Yes, I thought 'foo' might be a big file, with mostly us-ascii.
In a file with 10000 ascii characters and only 10 non-ascii
the output of od (without the tr filter) might be a bit of a
challenge. ;-)
> not quite sure what all zeros as the out means tho...
Od starts eachs line with an address, the offset of the first
byte in that line. The first line starts at offset 0, unless you
invoke od with the -j option.
> And on a Centos 5.3 box I just invoked
> $ printf "(octal 353) is the character \0353\n"
> (octal 353) is the character 3
Yes, that is what posix printf is required to do. From,
http://www.opengroup.org/onlinepubs/9699919799/utilities/printf.html
« [...] "\ddd", where ddd is a one, two, or three-digit octal
» number, shall be written as a byte with the numeric value
» specified by the octal number. »
In the printf above, "\035" is an escape sequence, and the
following "3" is a normal digit. To write octal 353, the
printf format string should be '(octal 353) ... \353\n'.
> on the centos 3.8 box I got the expected output of ë
Are you using zsh on the centos 3.8 box?
The zsh built-in printf expects octal escape sequences to
start with '\0' followed by zero, one, three or four octal
digits.
posix: \353 => zsh: \0353
posix: \75 => zsh: \075
> $ printf "(hex EB) is the character \xEB\n"

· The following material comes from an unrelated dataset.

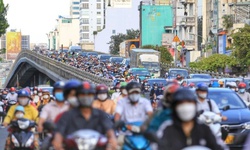 Từ 1/7/2027, áp dụng kiểm định khí thải xe máy tại Hà Nội và TP HCM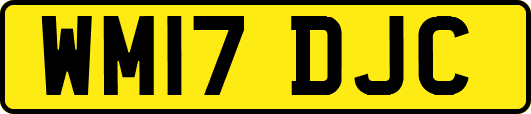 WM17DJC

> (hex EB) is the character ë
> this works on 3.8 and 5.3
This a nice one to try. It shows the terminal mapping:
printf '\xa4 \x80\n'
To understand that:
zgrep -E '\x(80|a4)' /usr/share/i18n/charmaps/ISO-8859-15.gz
zgrep -E '\x(80|a4)' /usr/share/i18n/charmaps/ISO-8859-1.gz
zgrep -E '\x(80|a4)' /usr/share/i18n/charmaps/CP1252.gz
Thanks very much for your input.
Syd